Alcoa Inc. said Monday that it slid to a second-quarter loss from a year-ago profit, dragged down by hefty charges and weak aluminum prices. But the results edged above analysts' expectations and the aluminum maker backed its forecast for solid global demand later this year.
Alcoa's report marks the start of quarterly earnings season, and investors watch closely for signs of how earnings may unfold for other companies. Alcoa's performance reflects broader economic trends because aluminum is used in a wide range of products from airplanes and automobiles to beverage cans and consumer electronics.
The aluminum industry has faced rising inventories and lackluster demand as the global economy has slowed. Sales to the construction industry continue to be weak. Aluminum prices dropped 18 percent in the past year, dragging Alcoa's second-quarter revenue down 9 percent to $5.96 billion. The lower revenue combined with environmental remediation charges, fire damage costs, restructuring expenses and a $45 million civil settlement resulted in Alcoa posting a loss of $2 million for the second quarter, compared with profit of $322 million in the year-ago period. On a per-share basis, Alcoa broke even, compared with net income of 28 cents a year earlier.
Price, rather than demand, is of more concern for aluminum producers because it is difficult for them to make a profit when the price is below $2,000 per metric ton, says Morningstar Inc. analyst Bridget Freas. Recently the price has been around $1,900 a ton.

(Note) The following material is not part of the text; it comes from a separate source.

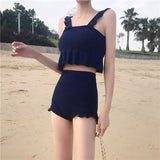 フリルニットタンキニ水着セットアップ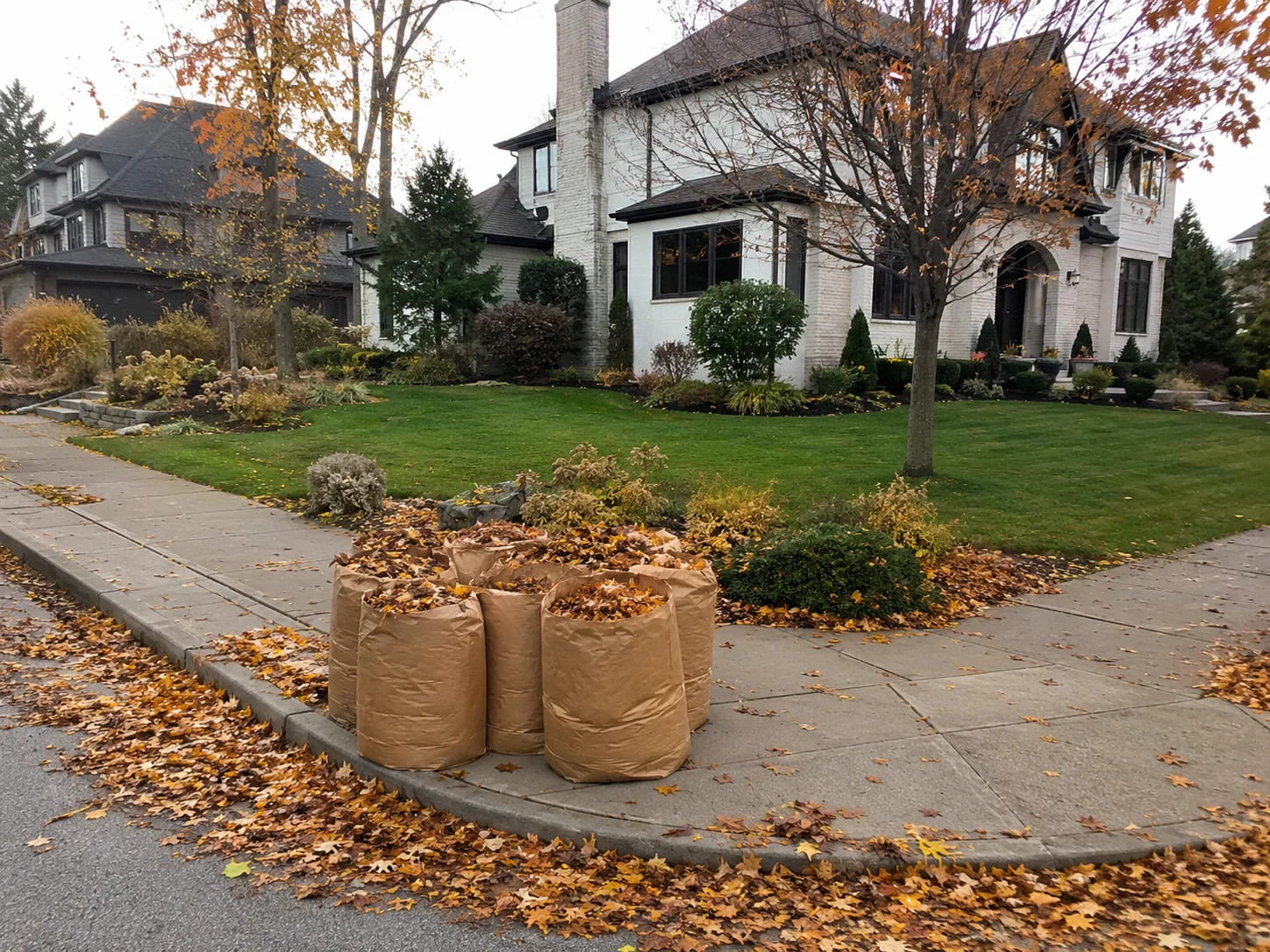 Sacs de résidus et feuilles ramassées près du trottoir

But Alcoa's revenue still topped analysts' revised forecast of $5.83 billion, and adjusted earnings of 6 cents per share beat the consensus estimate by a penny. Alcoa said car and plane makers bought more aluminum, and sales to packaging and commercial transportation companies also improved. Analysts expect automakers to have a record sales year, and aircraft makers like Boeing and Airbus are ramping up production.
"Although aluminum prices are down, the fundamentals of the aluminum market remain sound," Klaus Kleinfeld, Alcoa chairman and CEO, said in a statement.
Alcoa backed its forecast for a 7 percent increase in global demand this year and predicted a coming aluminum shortage. Kleinfeld told analysts on a conference call that China is curtailing production, which he expects to bring the global inventory surplus into balance.
Alcoa shares rose 4 cents to close at $8.76 before the results. They were virtually unchanged in after-hours trading. In the past 52 weeks, shares of the New York-based company have fallen from a year-ago high of $16.16 to recently bottom at $8.21.